# Aquarium dwarf lily (Nymphaea stellata) trimming



## jeff5347

Ok so im wondering. My lily has exploded and growing like crazy. I love the plant as it brings out the tank with its rusty red but i am getting a ton of leaves *h/b.
Do i trim it or let it sit and if i trim how do i go about it and do i just trim at the base like the rest of the plants?


----------



## Gizmo

The dwarf lily will eventually start putting pads to the surface if you don't trim it. I usually break the stems off as far down as I can, and the rest of the stem will die and melt away.

Alternatively, you could let the pads get to the surface. Much less clutter in your tank, but the pads do tend to block light to the lower parts of the tank.


----------



## jrman83

Just depends on what you want. If you want them to grow, let them. There is a way to keep them low, if that is the way you want. What I did was let it get over the super-fast growth spurt it had once it sprouted (I would have sprouts reach the surface in about 36hrs) and then trimmed every stem (with scissors) all the way down to the substrate. That was over 2 months ago and not a single runner has reached the surface again.

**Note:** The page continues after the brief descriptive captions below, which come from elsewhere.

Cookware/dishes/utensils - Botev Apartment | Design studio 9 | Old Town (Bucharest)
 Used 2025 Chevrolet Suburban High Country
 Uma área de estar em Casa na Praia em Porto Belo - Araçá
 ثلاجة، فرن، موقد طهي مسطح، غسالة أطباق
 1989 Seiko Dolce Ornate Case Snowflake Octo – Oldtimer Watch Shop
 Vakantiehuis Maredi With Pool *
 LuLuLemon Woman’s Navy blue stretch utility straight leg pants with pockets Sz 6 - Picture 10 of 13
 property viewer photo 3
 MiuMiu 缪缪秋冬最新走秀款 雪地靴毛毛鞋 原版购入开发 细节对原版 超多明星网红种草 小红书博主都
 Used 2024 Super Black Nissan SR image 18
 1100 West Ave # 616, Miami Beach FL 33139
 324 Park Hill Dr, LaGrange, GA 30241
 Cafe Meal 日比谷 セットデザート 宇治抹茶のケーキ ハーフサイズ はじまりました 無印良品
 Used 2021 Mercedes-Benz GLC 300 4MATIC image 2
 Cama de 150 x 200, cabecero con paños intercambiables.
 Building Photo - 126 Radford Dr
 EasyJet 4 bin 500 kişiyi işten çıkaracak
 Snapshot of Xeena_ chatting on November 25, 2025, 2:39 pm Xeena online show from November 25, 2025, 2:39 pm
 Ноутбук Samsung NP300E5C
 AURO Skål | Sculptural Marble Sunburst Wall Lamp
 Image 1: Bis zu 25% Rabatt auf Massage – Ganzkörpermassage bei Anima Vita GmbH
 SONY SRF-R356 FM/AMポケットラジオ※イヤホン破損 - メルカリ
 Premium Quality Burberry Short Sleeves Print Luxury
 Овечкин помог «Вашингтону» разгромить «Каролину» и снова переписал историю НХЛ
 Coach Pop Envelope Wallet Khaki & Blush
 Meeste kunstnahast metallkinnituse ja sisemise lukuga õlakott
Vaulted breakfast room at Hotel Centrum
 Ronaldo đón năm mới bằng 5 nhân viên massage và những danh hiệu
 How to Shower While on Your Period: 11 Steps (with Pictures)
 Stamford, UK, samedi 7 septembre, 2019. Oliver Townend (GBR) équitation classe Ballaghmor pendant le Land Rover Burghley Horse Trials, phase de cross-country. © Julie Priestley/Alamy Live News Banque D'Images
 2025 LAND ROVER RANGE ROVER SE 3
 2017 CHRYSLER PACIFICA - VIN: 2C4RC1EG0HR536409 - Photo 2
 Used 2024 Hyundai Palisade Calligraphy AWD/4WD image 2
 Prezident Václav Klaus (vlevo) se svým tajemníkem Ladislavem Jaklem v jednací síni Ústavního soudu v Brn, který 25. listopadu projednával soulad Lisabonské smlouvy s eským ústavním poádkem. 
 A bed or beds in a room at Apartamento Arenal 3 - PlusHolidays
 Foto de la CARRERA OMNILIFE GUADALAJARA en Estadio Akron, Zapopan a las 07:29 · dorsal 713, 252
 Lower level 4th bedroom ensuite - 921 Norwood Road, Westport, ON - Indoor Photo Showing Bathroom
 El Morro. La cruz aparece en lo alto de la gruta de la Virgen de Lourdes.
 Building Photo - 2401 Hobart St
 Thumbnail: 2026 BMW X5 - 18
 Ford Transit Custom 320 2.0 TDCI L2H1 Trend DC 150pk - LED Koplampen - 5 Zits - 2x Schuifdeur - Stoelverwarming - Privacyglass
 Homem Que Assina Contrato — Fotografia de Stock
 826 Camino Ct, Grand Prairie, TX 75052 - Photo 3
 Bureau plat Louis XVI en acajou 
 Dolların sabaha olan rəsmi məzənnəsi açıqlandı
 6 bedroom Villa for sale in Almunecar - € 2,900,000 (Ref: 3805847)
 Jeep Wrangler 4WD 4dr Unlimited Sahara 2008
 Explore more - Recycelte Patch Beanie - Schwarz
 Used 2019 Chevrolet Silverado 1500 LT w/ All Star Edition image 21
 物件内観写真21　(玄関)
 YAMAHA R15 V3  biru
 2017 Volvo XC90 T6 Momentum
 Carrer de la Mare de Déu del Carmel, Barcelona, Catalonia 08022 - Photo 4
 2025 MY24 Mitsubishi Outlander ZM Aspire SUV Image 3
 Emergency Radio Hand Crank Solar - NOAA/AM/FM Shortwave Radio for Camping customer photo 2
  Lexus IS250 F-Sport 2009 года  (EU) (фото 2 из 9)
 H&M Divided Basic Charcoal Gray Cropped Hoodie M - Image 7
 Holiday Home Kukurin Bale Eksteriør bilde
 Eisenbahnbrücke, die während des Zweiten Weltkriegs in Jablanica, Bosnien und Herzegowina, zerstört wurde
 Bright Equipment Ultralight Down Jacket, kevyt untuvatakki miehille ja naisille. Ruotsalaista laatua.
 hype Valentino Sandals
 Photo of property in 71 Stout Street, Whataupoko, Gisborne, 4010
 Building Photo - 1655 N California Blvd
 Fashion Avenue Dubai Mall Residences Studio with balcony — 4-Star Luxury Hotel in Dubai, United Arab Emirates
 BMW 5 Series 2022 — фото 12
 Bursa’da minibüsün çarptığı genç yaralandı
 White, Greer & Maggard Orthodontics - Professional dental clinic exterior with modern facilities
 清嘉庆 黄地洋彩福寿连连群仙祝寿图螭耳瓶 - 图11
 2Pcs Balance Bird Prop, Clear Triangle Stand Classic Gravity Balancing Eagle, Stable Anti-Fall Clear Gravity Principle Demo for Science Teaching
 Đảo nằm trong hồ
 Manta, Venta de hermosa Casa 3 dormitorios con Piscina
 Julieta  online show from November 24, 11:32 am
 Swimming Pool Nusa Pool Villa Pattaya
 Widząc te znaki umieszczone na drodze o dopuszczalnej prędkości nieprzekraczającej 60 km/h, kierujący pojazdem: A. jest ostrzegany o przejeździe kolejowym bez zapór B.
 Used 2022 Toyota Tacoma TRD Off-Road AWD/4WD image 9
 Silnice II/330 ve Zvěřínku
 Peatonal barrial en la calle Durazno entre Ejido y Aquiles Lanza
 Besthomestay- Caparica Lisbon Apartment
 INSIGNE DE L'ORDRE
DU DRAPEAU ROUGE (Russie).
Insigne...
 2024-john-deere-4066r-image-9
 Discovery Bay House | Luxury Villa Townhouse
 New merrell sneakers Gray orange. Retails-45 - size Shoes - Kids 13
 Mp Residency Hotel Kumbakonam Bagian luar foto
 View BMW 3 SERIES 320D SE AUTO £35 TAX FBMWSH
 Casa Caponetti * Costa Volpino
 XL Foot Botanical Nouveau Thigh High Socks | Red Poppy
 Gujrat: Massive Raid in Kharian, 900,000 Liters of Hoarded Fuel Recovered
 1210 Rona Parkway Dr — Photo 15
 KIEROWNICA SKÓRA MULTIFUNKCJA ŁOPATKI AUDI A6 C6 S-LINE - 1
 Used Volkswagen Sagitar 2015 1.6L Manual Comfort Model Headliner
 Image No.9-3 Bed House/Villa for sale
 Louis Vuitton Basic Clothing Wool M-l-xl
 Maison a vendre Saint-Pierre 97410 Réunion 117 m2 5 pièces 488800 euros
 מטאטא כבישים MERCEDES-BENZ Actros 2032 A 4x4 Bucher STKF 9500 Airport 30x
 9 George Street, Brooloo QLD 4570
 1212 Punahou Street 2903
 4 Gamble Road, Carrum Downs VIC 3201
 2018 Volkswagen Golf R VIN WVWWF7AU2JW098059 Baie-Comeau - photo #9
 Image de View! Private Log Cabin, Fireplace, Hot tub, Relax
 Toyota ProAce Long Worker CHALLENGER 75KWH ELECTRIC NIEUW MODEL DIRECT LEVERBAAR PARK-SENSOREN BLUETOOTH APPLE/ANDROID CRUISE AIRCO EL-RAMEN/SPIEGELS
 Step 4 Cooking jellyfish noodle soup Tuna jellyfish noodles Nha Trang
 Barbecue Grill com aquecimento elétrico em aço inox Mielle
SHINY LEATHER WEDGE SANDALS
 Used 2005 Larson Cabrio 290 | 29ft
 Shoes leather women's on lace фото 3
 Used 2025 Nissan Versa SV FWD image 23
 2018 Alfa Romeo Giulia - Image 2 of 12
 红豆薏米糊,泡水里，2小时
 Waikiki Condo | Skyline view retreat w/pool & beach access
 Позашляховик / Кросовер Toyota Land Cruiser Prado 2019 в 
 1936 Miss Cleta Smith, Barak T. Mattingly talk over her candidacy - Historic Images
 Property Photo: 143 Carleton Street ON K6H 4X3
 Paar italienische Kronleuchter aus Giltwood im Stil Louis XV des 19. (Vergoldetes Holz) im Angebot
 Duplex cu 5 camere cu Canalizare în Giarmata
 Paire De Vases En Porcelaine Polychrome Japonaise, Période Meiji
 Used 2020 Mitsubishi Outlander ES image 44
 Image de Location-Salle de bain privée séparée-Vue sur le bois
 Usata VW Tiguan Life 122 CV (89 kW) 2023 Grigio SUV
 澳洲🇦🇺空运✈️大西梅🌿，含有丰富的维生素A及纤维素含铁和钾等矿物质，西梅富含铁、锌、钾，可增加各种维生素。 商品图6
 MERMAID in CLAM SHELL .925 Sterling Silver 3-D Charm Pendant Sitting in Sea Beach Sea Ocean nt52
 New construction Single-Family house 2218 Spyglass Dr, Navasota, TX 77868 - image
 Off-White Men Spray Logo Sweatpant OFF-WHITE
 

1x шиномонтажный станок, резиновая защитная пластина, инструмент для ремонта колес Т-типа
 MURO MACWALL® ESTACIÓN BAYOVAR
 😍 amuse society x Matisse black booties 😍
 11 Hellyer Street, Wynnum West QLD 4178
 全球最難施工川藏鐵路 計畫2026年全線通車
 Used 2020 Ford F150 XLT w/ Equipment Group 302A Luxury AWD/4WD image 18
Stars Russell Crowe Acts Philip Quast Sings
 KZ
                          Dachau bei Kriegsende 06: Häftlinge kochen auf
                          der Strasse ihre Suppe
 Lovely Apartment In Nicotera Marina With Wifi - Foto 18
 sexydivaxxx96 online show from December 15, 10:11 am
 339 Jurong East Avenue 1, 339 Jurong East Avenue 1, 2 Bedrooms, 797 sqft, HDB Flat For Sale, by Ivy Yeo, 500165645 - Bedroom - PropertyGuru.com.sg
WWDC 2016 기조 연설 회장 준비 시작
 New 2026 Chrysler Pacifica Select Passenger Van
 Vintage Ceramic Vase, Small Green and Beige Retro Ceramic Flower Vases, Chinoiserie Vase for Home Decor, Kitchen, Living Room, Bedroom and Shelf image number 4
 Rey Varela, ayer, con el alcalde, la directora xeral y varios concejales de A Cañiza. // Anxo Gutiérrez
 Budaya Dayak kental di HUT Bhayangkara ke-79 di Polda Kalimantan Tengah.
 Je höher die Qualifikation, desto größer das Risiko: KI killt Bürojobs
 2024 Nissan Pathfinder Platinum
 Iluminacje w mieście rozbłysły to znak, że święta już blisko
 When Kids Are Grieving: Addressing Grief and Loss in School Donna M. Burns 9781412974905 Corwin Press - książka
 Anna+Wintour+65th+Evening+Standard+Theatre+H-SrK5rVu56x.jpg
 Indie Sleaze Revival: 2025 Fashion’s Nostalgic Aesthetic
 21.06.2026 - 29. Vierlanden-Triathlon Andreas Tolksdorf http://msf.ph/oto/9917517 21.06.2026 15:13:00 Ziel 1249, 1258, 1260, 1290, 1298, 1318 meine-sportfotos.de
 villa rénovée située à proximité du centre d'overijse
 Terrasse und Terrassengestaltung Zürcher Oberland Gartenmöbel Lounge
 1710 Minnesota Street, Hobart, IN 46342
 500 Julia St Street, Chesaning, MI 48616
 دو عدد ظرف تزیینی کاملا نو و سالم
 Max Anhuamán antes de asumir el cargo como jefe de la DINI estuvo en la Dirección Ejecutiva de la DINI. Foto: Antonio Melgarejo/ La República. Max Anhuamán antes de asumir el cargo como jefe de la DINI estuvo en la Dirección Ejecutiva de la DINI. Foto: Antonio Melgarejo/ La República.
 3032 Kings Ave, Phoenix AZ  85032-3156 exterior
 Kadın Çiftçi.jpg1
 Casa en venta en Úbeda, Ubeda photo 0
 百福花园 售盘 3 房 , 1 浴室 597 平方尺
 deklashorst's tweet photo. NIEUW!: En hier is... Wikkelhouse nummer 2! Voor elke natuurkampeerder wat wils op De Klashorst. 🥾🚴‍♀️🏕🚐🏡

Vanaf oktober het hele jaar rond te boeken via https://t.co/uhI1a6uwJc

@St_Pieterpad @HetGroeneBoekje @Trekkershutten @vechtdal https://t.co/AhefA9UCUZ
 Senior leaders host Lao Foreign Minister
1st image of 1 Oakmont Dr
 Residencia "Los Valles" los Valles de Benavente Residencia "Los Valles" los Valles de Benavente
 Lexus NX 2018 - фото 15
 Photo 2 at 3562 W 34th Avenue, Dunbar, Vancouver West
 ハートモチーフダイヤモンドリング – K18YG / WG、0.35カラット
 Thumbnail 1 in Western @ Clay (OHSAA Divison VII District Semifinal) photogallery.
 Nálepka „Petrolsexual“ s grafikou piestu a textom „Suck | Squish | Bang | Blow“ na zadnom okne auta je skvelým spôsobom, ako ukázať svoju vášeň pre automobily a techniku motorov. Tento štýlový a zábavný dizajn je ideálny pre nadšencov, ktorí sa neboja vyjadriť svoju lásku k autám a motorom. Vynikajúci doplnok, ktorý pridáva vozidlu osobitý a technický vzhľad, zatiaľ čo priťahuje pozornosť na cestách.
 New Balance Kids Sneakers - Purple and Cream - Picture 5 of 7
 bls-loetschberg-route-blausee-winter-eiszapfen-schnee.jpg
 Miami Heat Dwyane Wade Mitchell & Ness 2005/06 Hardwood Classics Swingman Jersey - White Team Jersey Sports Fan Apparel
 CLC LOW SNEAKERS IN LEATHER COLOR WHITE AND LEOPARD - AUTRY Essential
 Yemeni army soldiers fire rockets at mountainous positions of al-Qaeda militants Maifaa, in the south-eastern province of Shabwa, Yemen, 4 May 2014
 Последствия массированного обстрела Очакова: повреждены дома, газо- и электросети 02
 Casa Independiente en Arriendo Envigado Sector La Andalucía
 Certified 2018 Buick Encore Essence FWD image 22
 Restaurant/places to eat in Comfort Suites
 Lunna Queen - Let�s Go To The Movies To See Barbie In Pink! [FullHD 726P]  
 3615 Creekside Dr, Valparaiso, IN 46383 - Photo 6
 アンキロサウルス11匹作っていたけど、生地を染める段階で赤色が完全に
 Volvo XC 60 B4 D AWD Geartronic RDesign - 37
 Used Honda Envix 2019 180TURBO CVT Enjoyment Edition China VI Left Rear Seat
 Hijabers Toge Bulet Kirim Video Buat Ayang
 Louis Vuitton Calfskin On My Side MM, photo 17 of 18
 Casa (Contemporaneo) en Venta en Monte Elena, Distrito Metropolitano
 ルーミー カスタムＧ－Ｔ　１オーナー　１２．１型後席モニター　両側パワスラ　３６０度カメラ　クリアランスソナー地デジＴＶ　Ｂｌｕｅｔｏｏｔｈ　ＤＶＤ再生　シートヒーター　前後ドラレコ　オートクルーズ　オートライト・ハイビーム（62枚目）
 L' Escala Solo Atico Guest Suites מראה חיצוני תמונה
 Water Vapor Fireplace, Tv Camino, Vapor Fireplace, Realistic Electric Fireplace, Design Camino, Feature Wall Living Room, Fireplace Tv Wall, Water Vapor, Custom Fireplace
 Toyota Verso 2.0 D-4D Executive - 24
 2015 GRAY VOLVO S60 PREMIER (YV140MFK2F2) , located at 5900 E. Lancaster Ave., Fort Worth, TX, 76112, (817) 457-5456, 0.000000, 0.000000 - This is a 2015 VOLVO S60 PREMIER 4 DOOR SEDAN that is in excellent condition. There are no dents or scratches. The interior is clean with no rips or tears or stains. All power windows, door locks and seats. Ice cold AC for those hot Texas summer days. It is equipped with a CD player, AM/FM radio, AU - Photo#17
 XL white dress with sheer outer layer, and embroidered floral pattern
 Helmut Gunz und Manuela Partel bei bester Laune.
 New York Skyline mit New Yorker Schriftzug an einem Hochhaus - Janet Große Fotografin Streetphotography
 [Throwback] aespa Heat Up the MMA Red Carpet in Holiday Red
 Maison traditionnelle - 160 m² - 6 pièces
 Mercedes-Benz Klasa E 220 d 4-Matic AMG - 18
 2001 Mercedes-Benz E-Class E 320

It sort of hangs at about 10-12" and actually looks like part of the tank instead of the leaf resting on the surface and not seen very easily.


----------



## Kehy

I have a dwarf lilly with two crowns, and it's kind of funny, one crown got more light and grew HUGE leaves (I'm hoping for actual pads in a couple of months) while the other crown didn't get anywhere near as much light and is staying very small. Maybe lighting's part of why it's growing so much?
One thing I've noticed when I got lilly pads last time though, is that once there's several pads on the surface, many or sometimes all the leaves on the bottom melt away, leaving just the bare stems of the pads. Not particularly attractive at that moment, but interesting anyways.


----------



## majerah1

Mine I let stagger.Some leaves will reach the surface and others not.I was entertaining the idea of leting one flower if it decides too,but who know.Maybe,maybe not.


----------



## Gizmo

I've heard if the conditions are optimal the dwarf lily pads will flower.


----------



## snail

Sorry to butt in here but what kind of lighting does everyone have for their dwarf lilies? I got given one from a fish shop that was closing down. From what I have read they are high light plants but I don't have any tanks running with high light at the moment so it is in low light. It had a couple of tiny leaves which have grown a little and it has a couple new ones but it looks nothing like jeff's. Do you think it will survive?


----------



## jrman83

Snail, I've had mine in medium and high light. It did very well in both, but the growth speed was different. Will grow much slower in lower light.


----------



## majerah1

Mine is in high light.I have tried them under less than stock lighting,meaning on my 29 I had years ago,I had a light from a ten gallon on it.It grew very slow.


----------



## Kehy

I've had mine under terribly crappy lighting, could barely read by it and very yellow, and now mine's under too many watts of full spectrum lighting and it's thriving. Just a note though, they change color depending on the lighting. Mine went from very red to brown-ish purple green with the changed lighting and extra ferts.


----------



## jeff5347

I have mine under 72 watts total. Just under 4 watts a gallon. Mine is a reddish -purple. ALmost a red rust. Mine was somewhat slow at first but then it just took off. My aponogetons seemed to have hit a lull. They were cruising along and now they just send up a floater but the leaves that die off take a long time to come back nce i cut them away. I do like the lily as it breaks up all the green in the tank and gives some shade (although not where i need it.. um anubius) to the fish and plants. 
My next endevor is a El natural tank...


----------



## Kimberely

I have had one in my 55 gallon for about 6 weeks now under low light conditions. Only about 1wpg. In the six weeks since I added it, it has completely filled the top of the tank with pads. It will put on a new pad that will reach the top in less than 2 days. It is seriously blocking the light out of my tank and I am wondering if it is going to kill my aponogetons. Thanks for posting this question. I was wondering if I should trim it and how.


----------



## jrman83

Eventually, the other plants will suffer from the blocked light. You could just trim the leaves back that affect the area over your other plants. Or, if your whole tank is planted you can trim all of them back. They come back pretty fast and the growth tends to slow after the trim. Just trim with scissors or pinch with fingernails close to the base.


----------



## J9swallie

It can!


----------



## J9swallie

J9swallie said:


> Mine did! Beautiful! But I don't know if i should dead head.


----------